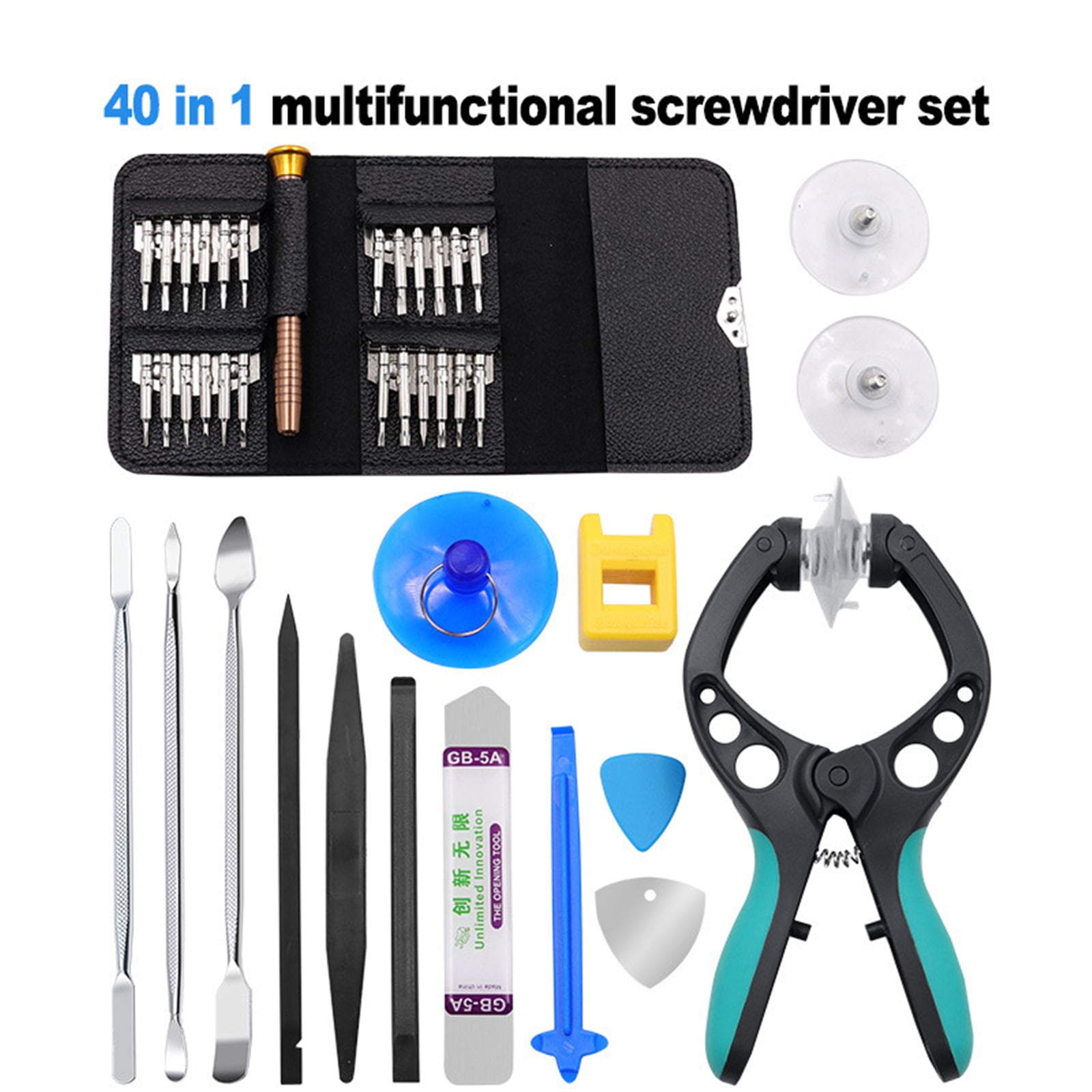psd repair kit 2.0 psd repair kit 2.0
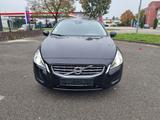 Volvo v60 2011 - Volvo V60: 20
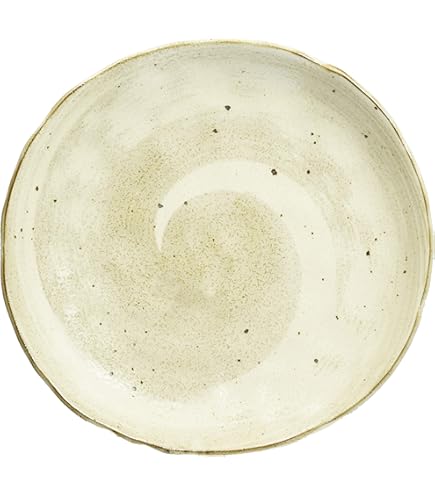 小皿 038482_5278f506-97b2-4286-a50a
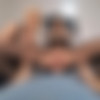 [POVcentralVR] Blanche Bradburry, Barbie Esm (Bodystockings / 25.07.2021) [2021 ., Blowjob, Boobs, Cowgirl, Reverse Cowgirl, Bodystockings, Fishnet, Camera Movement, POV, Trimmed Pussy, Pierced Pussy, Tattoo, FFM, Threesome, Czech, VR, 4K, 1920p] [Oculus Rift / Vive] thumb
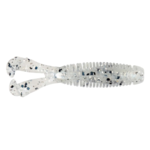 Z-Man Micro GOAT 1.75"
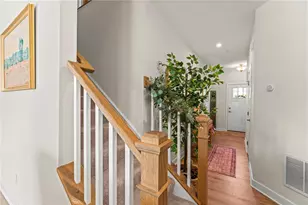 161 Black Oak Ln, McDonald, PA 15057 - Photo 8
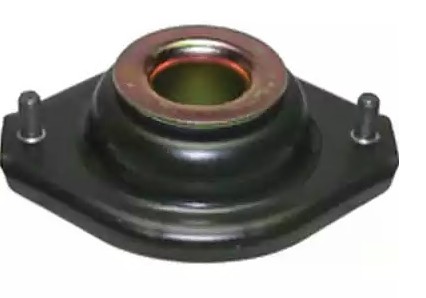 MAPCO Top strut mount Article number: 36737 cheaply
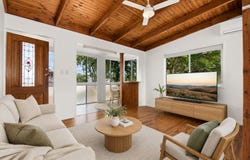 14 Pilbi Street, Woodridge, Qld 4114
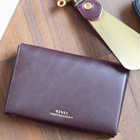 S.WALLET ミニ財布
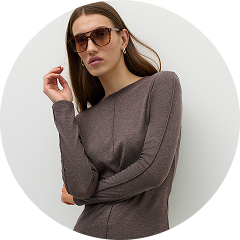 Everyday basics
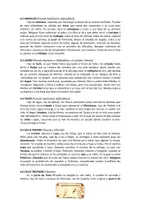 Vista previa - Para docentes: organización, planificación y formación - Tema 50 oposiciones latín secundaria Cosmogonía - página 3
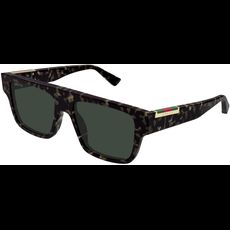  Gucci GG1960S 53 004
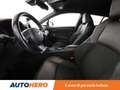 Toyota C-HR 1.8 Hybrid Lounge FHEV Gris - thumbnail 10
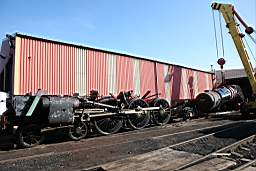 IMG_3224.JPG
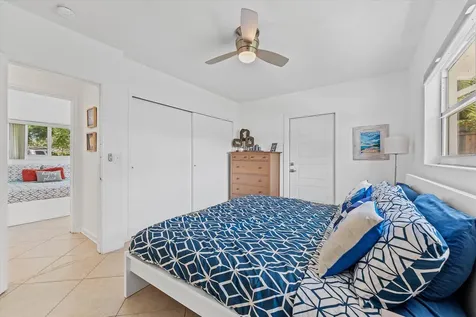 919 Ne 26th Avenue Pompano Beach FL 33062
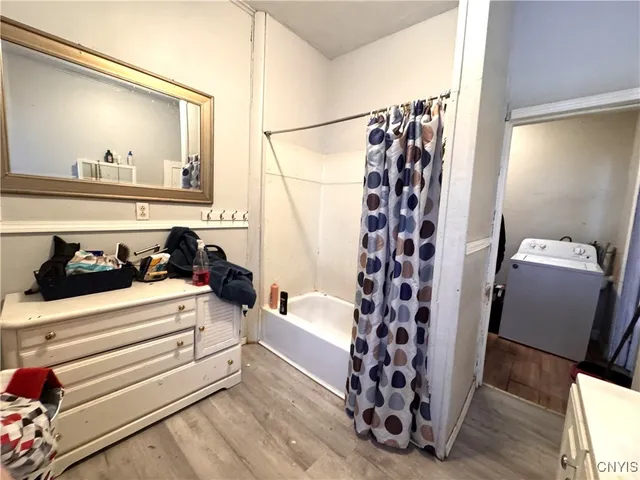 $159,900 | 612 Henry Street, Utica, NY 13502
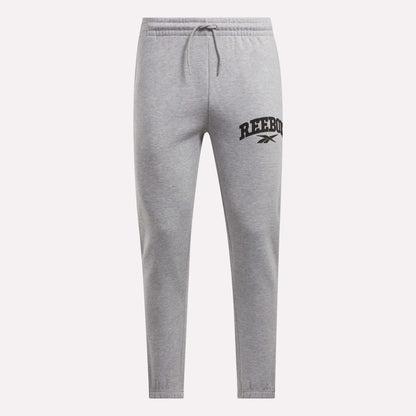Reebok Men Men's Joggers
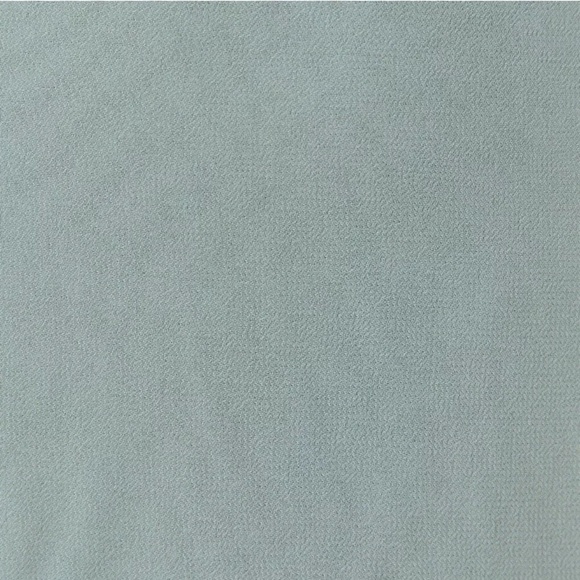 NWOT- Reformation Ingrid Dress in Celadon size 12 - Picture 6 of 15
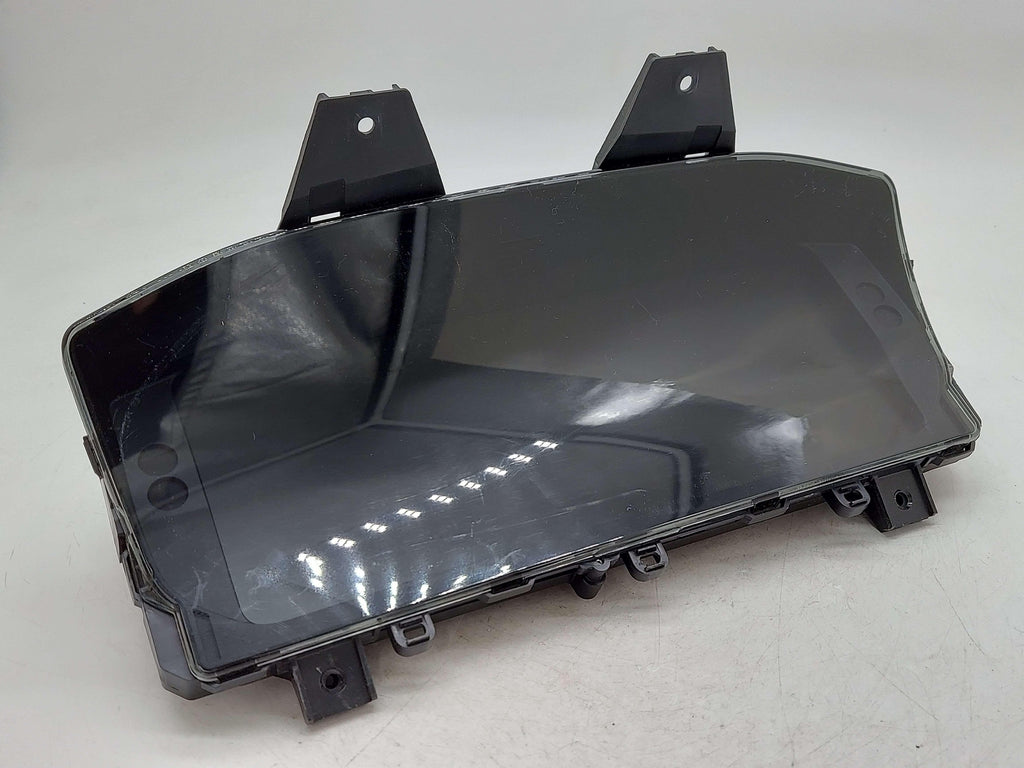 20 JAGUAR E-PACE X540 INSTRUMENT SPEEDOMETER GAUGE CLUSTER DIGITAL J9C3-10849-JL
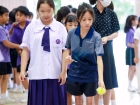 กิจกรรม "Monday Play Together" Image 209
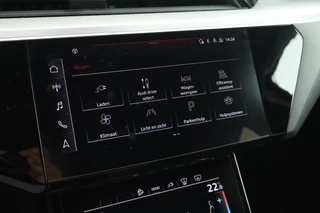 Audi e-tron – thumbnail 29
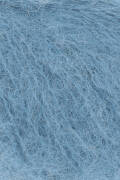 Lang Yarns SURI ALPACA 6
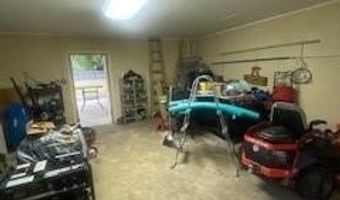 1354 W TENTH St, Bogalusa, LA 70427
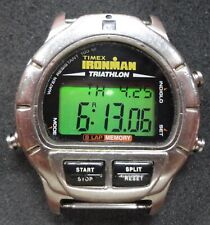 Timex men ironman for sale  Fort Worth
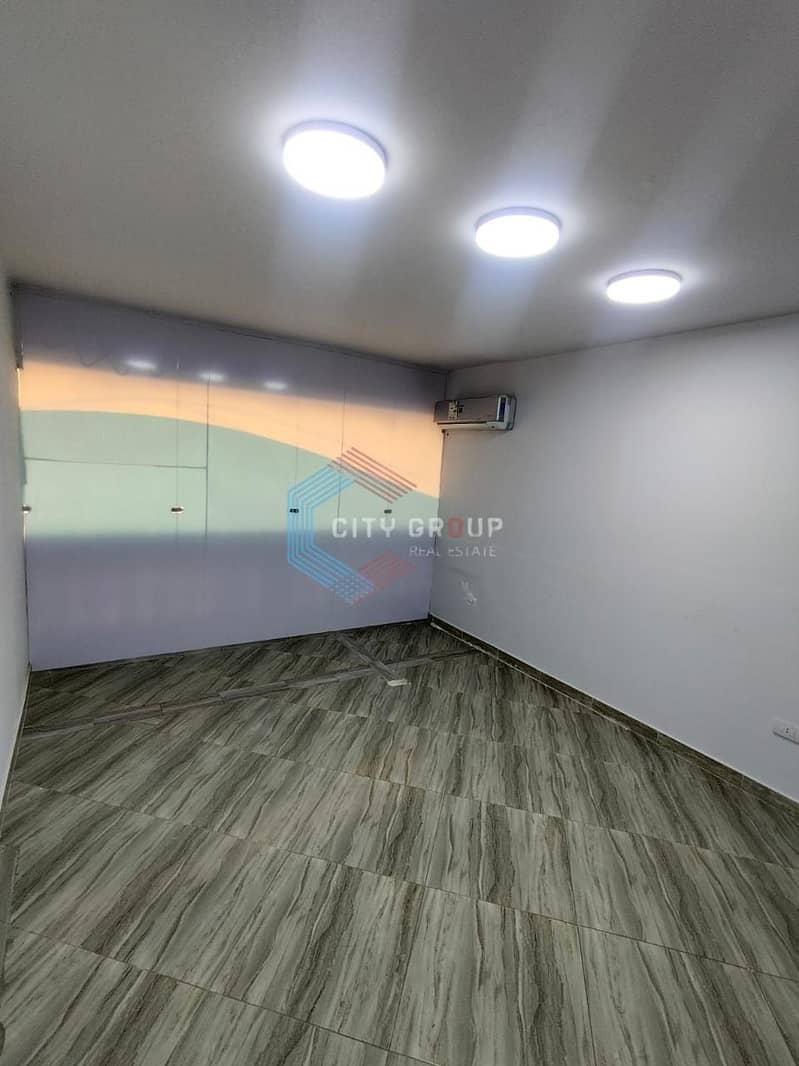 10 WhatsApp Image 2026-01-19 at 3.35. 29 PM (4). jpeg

####################

Retype exactly the lines above, starting at the line containing "20 JAGUAR E-PACE" and ending with the last line, both included; leave out the pictures.

> _RESULT_:
 20 JAGUAR E-PACE X540 INSTRUMENT SPEEDOMETER GAUGE CLUSTER DIGITAL J9C3-10849-JL
 กิจกรรม "Monday Play Together" Image 209
 Audi e-tron – thumbnail 29
 Lang Yarns SURI ALPACA 6
 1354 W TENTH St, Bogalusa, LA 70427
 Timex men ironman for sale  Fort Worth
 10 WhatsApp Image 2026-01-19 at 3.35. 29 PM (4). jpeg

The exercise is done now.